§ EXERCISE DESCRIPTION:
Take each line in the entries below that holds "Black" and show it.

§ MATERIAL FOR THE TASK:
--

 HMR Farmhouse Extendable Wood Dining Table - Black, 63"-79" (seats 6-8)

--

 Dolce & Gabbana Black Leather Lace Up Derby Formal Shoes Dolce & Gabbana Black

--

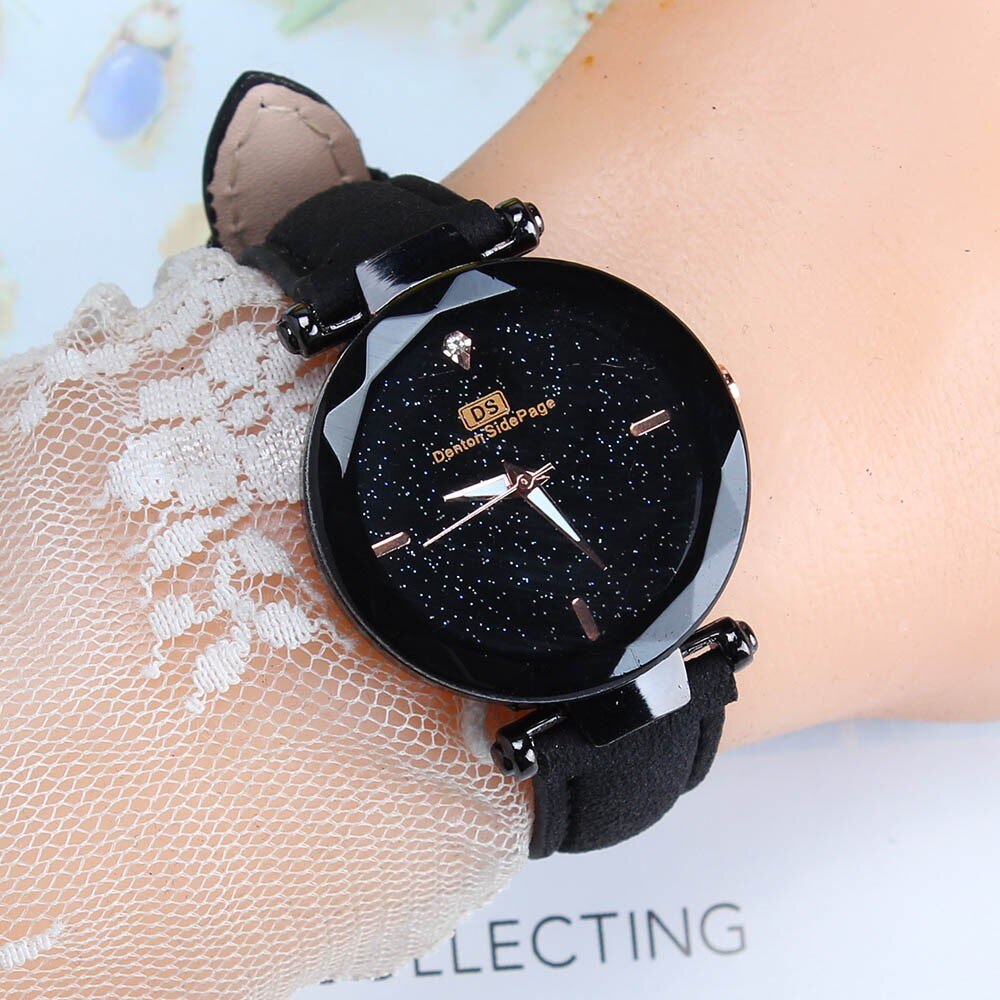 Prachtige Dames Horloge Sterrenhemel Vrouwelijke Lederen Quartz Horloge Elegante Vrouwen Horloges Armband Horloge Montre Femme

--

§ RESPONSE:
 HMR Farmhouse Extendable Wood Dining Table - Black, 63"-79" (seats 6-8)
 Dolce & Gabbana Black Leather Lace Up Derby Formal Shoes Dolce & Gabbana Black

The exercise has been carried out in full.